End-game re-imagining
Cameron says refining the business has positioned the family to make the most of its natural advantages.
“I think the big game-changers come down a few things: probably largely around how they have set up their business by including the winter milk and reducing feed costs and including a better diet formulation to increase per cow production. It has added to the overall economics of the farm.
“We now make the most of the mixer wagon and the ability to feed different diets to each group. They worked really hard this spring when we formulated the Do-It-Yourself DCAD [dietary cation anion difference] lead feed mix.
“There’s no doubt that having the barn on-farm has meant that they can continue their winter milk contract and spring calving with very little impact on their production, which ultimately controls their profitability.

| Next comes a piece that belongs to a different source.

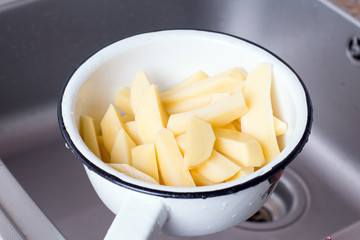 Draining boiled potato slices in colander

“They have invested in some great infrastructure in the last few years – barns and centre pivots – and we have spent a season setting up and making some changes, which will really pay off this season. They are now in a very exciting position.”
The family has also been able to easily complete their flood-insurance claims with Cameron’s support.
“I was able to model the impact of the loss of land and infrastructure, which quantified the additional feed we could expect to buy or claim,” Cameron says. “I also formulated a ration that could replace the maize that was water damaged with the feeds that we had available at the time.
“Because obviously, maize is only harvested in the autumn, and we were well into June when we needed to make the changes because of the floods.”
‘Can still be our year’
Stacey says the final wash-up has proven to them how much resilience they have, and they remain optimistic about the industry.
“This year when we took over the farm was supposed to be ‘our year’,” Stacey says. “Then the floods came, and we instead started to think, ‘Maybe next year will be our year’.
“But no. Actually, we’re now back to thinking this year can still be our year.”